Avatar of Optimissed

While I was there I ruffled my hair
And covered myself with feathers.
Then I flew back cos I'd discovered the knack
Of better flying leathers.
I thought for a bit and I knew what I'd do
if I could find somebody and sell 'em
But then I found I'd nothing to wear
So feeling quite bare I ran like a hare
From this world increasingly rare
While considering more useful endeavours.

Goodnight.


Avatar of Elroch
Sillver1 wrote:

nice. we can easily troubleshoot this if you keep working with me. but i think it would be best if you allow me to point you in the right direction and make your own discovery.

can you pinpoint the one major difference between your own definition of D and the one bellow?

" all events are determined completely by previously existing causes."

Without being too fussy, the two are compatible. However, if you try to define "cause" in yours, you may find you get to the notion that there are things in the past about which sufficient information is known to be able to deduce the event in question. And that can be rephrased compactly by saying it is possible to predict the event.

It's worth mentioning that the observability of information about past causes is extremely important. Without this, you can imagine that in the past there is a complete recipe for the results of all future possible experiments, which happens to be carefully designed to reproduce the predictions of quantum mechanics,  but that this recipe is impossible to directly detect in any way (it just permeates all of space-time after its creation).

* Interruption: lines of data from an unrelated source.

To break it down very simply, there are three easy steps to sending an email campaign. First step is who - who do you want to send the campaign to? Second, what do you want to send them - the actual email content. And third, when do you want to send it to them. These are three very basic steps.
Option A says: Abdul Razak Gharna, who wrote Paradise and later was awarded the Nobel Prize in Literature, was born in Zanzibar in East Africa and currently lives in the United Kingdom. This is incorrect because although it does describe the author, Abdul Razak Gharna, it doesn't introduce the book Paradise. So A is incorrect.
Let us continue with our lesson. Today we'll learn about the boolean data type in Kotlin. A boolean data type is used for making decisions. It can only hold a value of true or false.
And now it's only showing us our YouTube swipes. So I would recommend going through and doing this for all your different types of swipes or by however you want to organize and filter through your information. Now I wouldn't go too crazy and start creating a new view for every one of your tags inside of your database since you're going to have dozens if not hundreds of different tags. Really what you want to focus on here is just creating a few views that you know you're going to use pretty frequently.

The reason this is not a way round the key results disproving determinism is that in order to get the right results, when you do a Bell's experiment and make two observations of entangled photons at random angles, in order to get the right results, at each of the observations you need to know what angle the other observation was made. This is a breach of causality (since the choices of angle can be made simultaneously (in any frame) so there is no time to communicate them between the two points).

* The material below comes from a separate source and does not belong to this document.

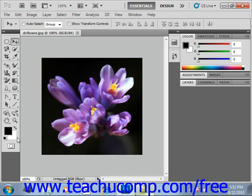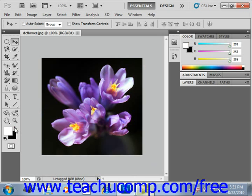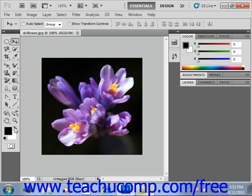Note the small double-pointed and curved arrow that is located above and to the right of the color choices in the toolbox, located right here. If you click this arrow, it will switch the foreground and background colors in the toolbox.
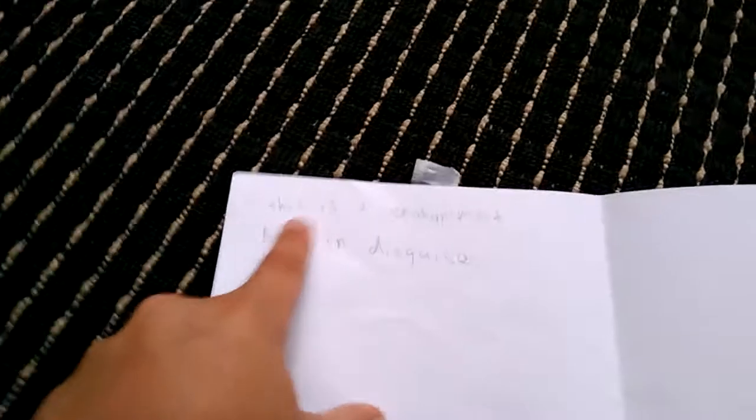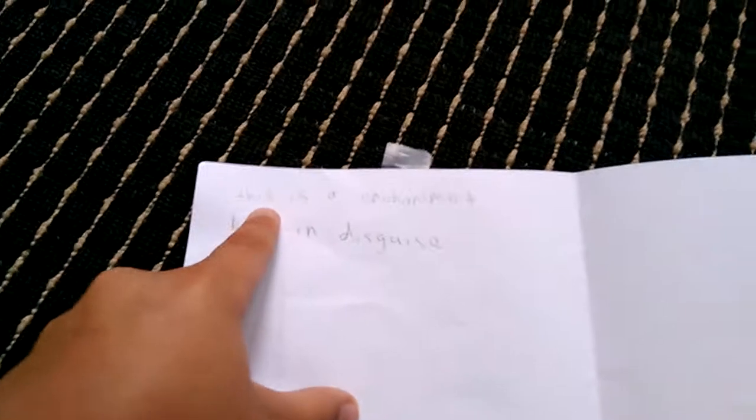Read the note first. It's always polite to read the note before you get a present. It says over. It says this is an enchantment box in disguise. Enchantment table. But it says enchantment box, but it's still an enchantment table.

It has the same effect as the unclosable loophole that says that although it might appear that you have complete choice of the angles you pick (eg by using any source of randomness of your choice at each location) they are really all predetermined by a global conspiracy.

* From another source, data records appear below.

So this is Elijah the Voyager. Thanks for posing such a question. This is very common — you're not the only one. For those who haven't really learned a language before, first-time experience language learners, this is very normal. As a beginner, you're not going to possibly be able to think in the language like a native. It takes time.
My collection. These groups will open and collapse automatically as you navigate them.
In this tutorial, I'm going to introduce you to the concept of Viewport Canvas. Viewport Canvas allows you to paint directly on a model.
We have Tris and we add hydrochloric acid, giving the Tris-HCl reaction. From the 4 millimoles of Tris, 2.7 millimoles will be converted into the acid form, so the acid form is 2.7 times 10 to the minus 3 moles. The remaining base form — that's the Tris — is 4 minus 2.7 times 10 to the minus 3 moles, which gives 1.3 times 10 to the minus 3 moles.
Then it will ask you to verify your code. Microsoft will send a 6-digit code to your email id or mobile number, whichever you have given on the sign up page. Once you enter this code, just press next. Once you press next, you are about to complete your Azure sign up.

Avatar of MustangMate-inactive

Got it. Simple explanation is best. I like the parts where you always refer back to Bells experiments and how they prove randomness. Little doubt as it’s all so well predicted.

All the “reasons” you give for things being the way they are I had never thought of as they make so little sense. Upon contemplation I have to agree with myself. 😟

Avatar of Optimissed

That's absolutely right. Simple explanation is best provided it's sufficient. Here we have the simple being more useful than the extremely convoluted, at explaining the universe.

Avatar of Optimissed

I have just read what Elroch wrote, Mustang, and I understood every word and even agreed with it all. But I had to work at it slightly and the thought occurred to me that finding simpler means of expression would be useful. I think that mathematicians are sometimes plagued by the necessity for dry humour. My maths teacher for A level was called mr Symonds and we called him Zoot. He was impossible to follow, his writing on the blackboard was illegible, and the chalk kept hitting greasy bits of blackboard.

Avatar of MustangMate-inactive

The universe is not determined.

The term becomes associated with ID - the idea that causes for all events are controlled/destined. 

The universe never behaves in a random manner yet new events come into existence.